For the material that follows, return exactly the lines from the one with "YIAD Cutter /" through the one with "Salzhaut Sweatjacke MAKKER in Navy", both ends included.

● ● ● ● ●

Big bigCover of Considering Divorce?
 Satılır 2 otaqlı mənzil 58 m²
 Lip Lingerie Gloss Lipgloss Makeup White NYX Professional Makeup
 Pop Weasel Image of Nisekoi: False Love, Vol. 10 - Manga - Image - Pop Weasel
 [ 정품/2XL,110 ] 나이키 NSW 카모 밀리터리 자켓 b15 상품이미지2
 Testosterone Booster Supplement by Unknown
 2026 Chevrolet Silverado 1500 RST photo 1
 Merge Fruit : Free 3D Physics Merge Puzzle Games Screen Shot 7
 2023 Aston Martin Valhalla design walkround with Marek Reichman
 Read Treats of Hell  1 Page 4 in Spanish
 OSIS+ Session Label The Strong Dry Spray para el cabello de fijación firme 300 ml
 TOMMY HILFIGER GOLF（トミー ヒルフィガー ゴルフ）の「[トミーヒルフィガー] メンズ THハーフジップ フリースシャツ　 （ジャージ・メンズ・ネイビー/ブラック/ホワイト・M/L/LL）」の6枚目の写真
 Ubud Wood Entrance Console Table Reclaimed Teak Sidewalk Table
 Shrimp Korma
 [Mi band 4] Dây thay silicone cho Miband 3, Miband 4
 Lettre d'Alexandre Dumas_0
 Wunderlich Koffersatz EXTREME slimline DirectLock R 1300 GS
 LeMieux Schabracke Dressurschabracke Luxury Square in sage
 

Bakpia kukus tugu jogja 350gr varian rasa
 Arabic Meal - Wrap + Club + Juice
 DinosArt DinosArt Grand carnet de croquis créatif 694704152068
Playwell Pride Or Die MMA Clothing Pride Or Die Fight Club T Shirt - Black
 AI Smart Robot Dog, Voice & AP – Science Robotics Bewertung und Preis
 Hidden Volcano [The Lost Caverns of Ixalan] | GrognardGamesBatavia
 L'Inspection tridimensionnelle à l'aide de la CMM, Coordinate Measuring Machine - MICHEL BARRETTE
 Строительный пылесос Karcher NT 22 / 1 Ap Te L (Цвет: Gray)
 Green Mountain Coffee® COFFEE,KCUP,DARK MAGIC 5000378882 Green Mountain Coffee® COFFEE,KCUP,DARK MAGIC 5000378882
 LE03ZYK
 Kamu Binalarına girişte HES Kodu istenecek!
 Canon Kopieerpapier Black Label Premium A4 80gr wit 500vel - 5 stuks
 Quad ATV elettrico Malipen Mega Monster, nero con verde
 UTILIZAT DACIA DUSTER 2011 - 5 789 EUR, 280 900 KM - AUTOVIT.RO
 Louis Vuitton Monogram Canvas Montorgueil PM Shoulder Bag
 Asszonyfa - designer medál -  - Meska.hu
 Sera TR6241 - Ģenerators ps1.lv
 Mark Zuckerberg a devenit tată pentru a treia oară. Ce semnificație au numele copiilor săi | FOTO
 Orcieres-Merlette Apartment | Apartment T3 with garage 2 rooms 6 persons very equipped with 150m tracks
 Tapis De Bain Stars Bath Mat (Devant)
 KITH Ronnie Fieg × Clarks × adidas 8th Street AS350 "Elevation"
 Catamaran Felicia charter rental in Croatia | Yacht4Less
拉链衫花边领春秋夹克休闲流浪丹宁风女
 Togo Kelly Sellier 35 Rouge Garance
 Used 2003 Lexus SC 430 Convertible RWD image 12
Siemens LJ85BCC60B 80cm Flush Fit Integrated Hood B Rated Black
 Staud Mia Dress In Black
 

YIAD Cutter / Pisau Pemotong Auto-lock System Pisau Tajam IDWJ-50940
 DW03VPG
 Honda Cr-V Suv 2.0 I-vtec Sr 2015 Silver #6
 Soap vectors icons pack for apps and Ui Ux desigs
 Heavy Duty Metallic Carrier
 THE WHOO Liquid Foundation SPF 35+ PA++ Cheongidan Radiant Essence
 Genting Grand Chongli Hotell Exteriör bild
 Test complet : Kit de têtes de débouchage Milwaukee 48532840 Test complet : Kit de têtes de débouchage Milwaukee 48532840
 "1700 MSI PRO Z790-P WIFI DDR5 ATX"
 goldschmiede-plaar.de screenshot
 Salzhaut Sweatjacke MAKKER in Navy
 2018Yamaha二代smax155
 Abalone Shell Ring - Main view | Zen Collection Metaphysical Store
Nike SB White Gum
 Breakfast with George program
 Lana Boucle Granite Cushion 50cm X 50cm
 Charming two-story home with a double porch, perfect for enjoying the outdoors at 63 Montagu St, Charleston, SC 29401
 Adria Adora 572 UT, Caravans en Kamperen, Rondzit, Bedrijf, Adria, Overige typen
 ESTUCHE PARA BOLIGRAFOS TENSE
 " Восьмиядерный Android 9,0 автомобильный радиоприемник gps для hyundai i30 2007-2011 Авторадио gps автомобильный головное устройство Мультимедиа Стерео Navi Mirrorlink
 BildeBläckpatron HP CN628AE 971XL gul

● ● ● ● ●

### Worked solution:
YIAD Cutter / Pisau Pemotong Auto-lock System Pisau Tajam IDWJ-50940
 DW03VPG
 Honda Cr-V Suv 2.0 I-vtec Sr 2015 Silver #6
 Soap vectors icons pack for apps and Ui Ux desigs
 Heavy Duty Metallic Carrier
 THE WHOO Liquid Foundation SPF 35+ PA++ Cheongidan Radiant Essence
 Genting Grand Chongli Hotell Exteriör bild
 Test complet : Kit de têtes de débouchage Milwaukee 48532840 Test complet : Kit de têtes de débouchage Milwaukee 48532840
 "1700 MSI PRO Z790-P WIFI DDR5 ATX"
 goldschmiede-plaar.de screenshot
 Salzhaut Sweatjacke MAKKER in Navy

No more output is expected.